I really struggled with this book. I am the sole dissenter, it seems. I quit two hours before the end.
I didn't like his flowery writing and the extreme anthropomorphism--you will never convince me any dog appreciates beauty of the mountain scenery. Perhaps, just perhaps, the dog is feeling his owner's high?
I hated the fact he took in a dog that bit him daily and he laughed at it. I hated the tone of almost religious reverence his voice took on as the book continued on.
I hated the minute details of his daily life with Will, got so tired of hearing of the hand knitted afghans, the flower deliveries for a dog, every breath the dog took.
Is this real or was it done to enable a second book?
Sorry, you must feel I have become a curmudgeon. This book is for extreme animal lovers and although I am a confirmed dog lover, it appears I am not extreme enough.
3 of 4 people found this review helpful
An act of kindness leads one on a spiritual journey of a lifetime. A dog at death's door, deaf, blind, thrown away and forgotten learns to rear up and kick his front legs out, learns to circle in drunken butterfly dances of joy: Here I am! I'm alive!

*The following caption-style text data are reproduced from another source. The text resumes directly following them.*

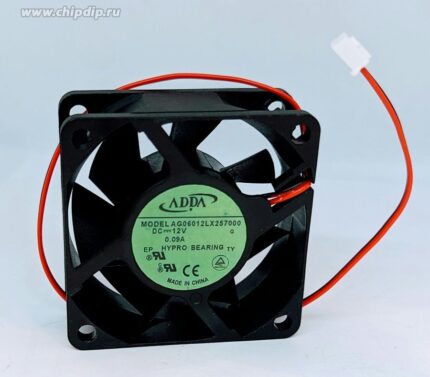 8035597130 Вентилятор ADDA AG06012LX257000 dc 12V 0.09A 90x25 2pin Hirschmann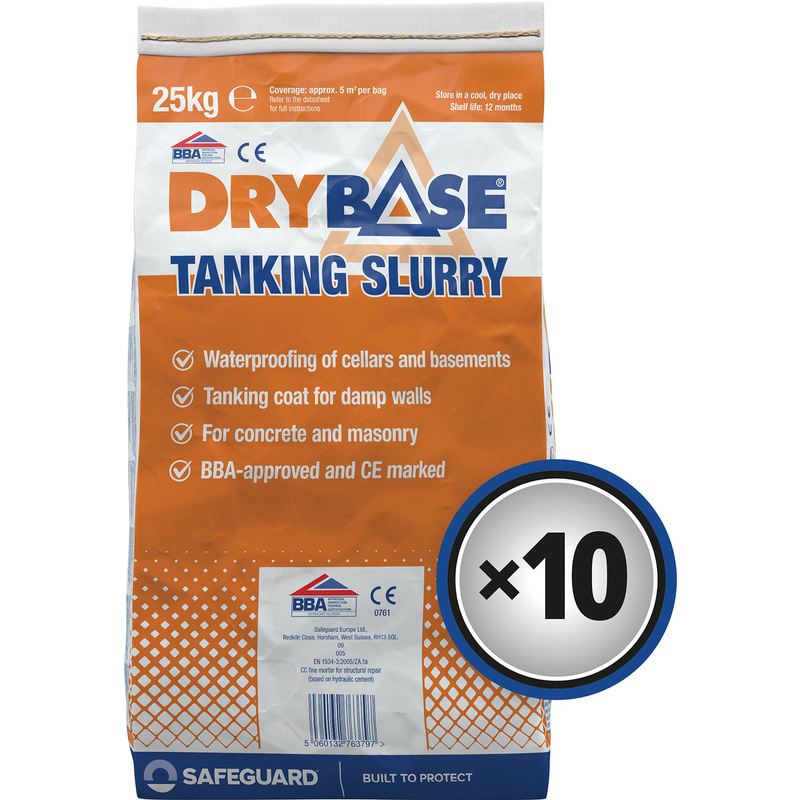 Drybase BBA Tanking Slurry 25kg Grey
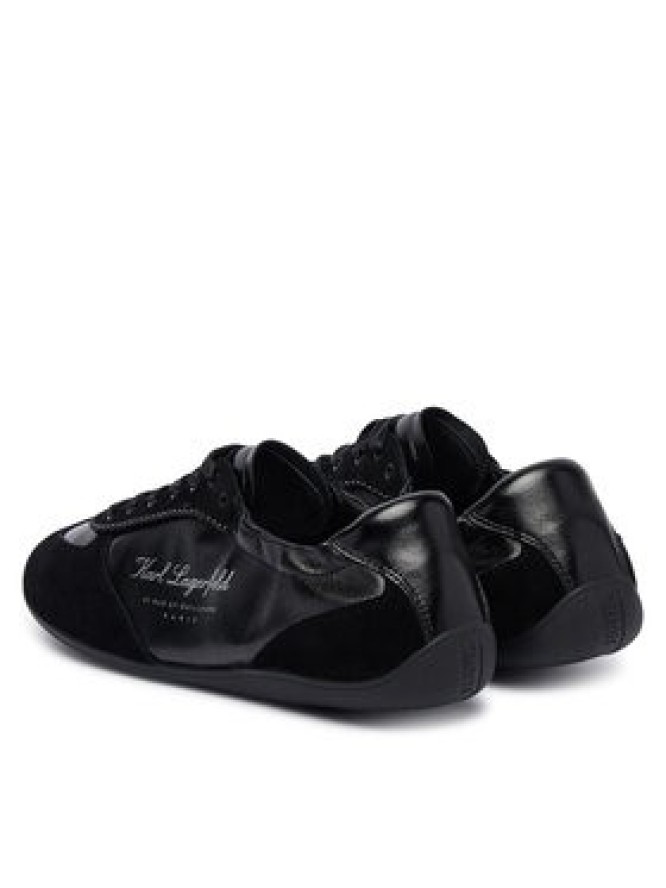 KARL LAGERFELD Sneakersy KL66125A Czarny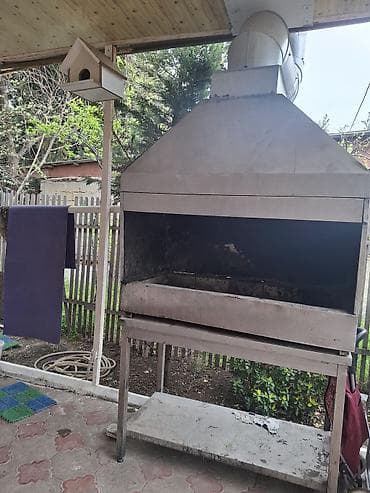 kafe avadanligi: Sənaye tipli paslanmayan poladdan manqal/şiş kabab sobası və — 2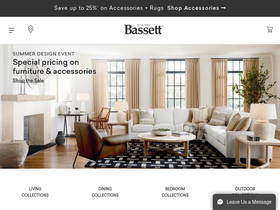 'bassettfurniture.com' screenshot
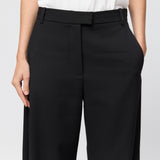 Tailored Wide Leg Trousers Dark Olive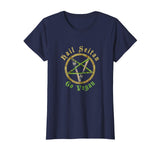 &quot;Hail Seitan Go Vegan&quot; Funny Vegan T Shirt - Men &amp; Women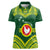 Manu'a Flag Day Women Polo Shirt Polynesian Pattern National Color Proud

"Will's Red Coat" is perhaps even more deeply heartfelt than the more philosophical "Following Atticus" (which was truly brilliant), as it is about sunlight and shadow, life and death, serving without ego, and the simple joys of living each moment here and now, second by glorious second.
What lovely prose! Ryan captures the beauty of their surroundings and infuses every dying leaf with jubilant color, every wildflower with spine-tingling fragrances that are enough to make Will circle with joy, using what vision remains him to spy each petal.
This is a fairy tale of a story: a backyard that opens to an Enchanted Forest, a wild bear who is smitten with the three, apple-taking beavers, a spider who needs a prompt every now and then to respect their space as they respect hers. It's a story of compassion on every level, of empathy lived and shared.
There's a word in Japanese that means, "to repair with gold"--a technique of fixing broken pottery with melted gold which makes the broken even more valuable than the whole. And how fragile we all are. How very, very beautiful.
What a journey I've just been on with Tom, Atticus, and the irrepressible Will. One I will never forget.